The best way is here: ILM: Manage the index lifecycle | Elasticsearch Guide [8.9] | Elastic

Can I have an exemple please?

There are a lot of examples in the documentation. For example on this page: Configure a lifecycle policy | Elasticsearch Guide [8.9] | Elastic

PUT _ilm/policy/my_policy
{
  "policy": {
    "phases": {
      "hot": {
        "actions": {
          "rollover": {
            "max_primary_shard_size": "25GB" 
          }
        }
      },
      "delete": {
        "min_age": "30d",
        "actions": {
          "delete": {} 
        }
      }
    }
  }
}

So if I want to apply that to your question, that'd be:

PUT _ilm/policy/delete_after_180_days
{
  "policy": {
    "phases": {
      "delete": {
        "min_age": "180d",
        "actions": {
          "delete": {} 
        }
      }
    }
  }
}

But please note that this will delete the indices older than 180 days.

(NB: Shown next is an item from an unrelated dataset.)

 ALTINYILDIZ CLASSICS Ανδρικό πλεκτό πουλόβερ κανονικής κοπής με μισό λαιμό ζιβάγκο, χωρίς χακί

Which is by far the best way to do that.

What is your usecase? Timeseries data? What kind of data is that? Which tool is collecting/sending the data?

the problem is that I don't want to delete my index. I want to be able to delete documents from my index that are more than 6 months old.

That's a very bad design but I can tell you how to do it although I DO NOT RECOMMEND doing that.

The DeleteByQuery API allows that. You just need to find the right query which selects the right documents. This depends on your use case and fields you have within you documents.

But again, don't do this!

If you don't recommend it, I'd rather not do it. I'd just want elasticsearch to remove certain documents from my index at some point to avoid my index being overloaded later.

Is your data immutable or do you perform updates?

If it's a small number of documents, that's ok. If it's an entire day because documents have expired, then use Index Lifecycle Management with one index per day for example (depending on the size of your data).

Another nice solution is to use datastreams if you have append-only data. See Data streams | Elasticsearch Guide [8.9] | Elastic

So if I understand correctly I have to create a data stream corresponding to my index? Will it have an impact on my index? Because my index is fed from a logstash script. Then I created a data view from my index to be able to visualize it on kibana.
So I'd like to know if using data feeds will have any impact on my architecture.

Here is my logstash conf

input {
  file {
    path => "/scanNessus/*.csv"
    start_position => "beginning"
    #sincedb_path => "/dev/null"
  }
}

filter {
  csv {
    separator => ","
    skip_header => "true"
    skip_empty_rows => true
    columns => [
      "Plugin_ID",
      "CVE",
      "CVSS_v2.0_Base_Score",
      "Risk",
      "Host",
      "Protocol",
      "Port",
      "Name",
      "CVSS_v3.0_Base_Score",
      "CVSS_v2.0_Temporal_Score",
      "CVSS_v3.0_Temporal_Score",
      "Risk_Factor",
      "Metasploit",
      "Core_Impact",
      "CANVAS",
      "date",
      "Nom_Application",
      "Niveau_2_Contact",
      "Niveau_3_Contact"
    ]
  }
  mutate {
    add_field => { "Plugin_Host" => "%{Plugin_ID}-%{Host}" }
  }
}
output {
  elasticsearch {
    hosts =>  "localhost:9200"
    index => "nms"
    template_name => "template"
  }

  stdout {}
}

All my data are sent in my index name nms

Are you trying to get information from Welcome to Tenable Security Center (Tenable Security Center 6.2.x)?

If so, I think you should just use the integration we have:

If you are using an alias, that will be easy. If not, then you probably need to do everything from scratch. See Set up a data stream | Elasticsearch Guide [8.11] | Elastic

But as noted:

If you use Fleet or Elastic Agent, skip this tutorial. Fleet and Elastic Agent set up data streams for you. See Fleet’s data streams documentation.

Also, using ECS instead of your own schema for this use case is better IMO as it's a de-facto standard nowadays. This is what Elastic Agents are actually generating.

Here's some documentation about Logstash datastreams: Elasticsearch output plugin | Logstash Reference [8.11] | Elastic

This topic was automatically closed 28 days after the last reply. New replies are no longer allowed.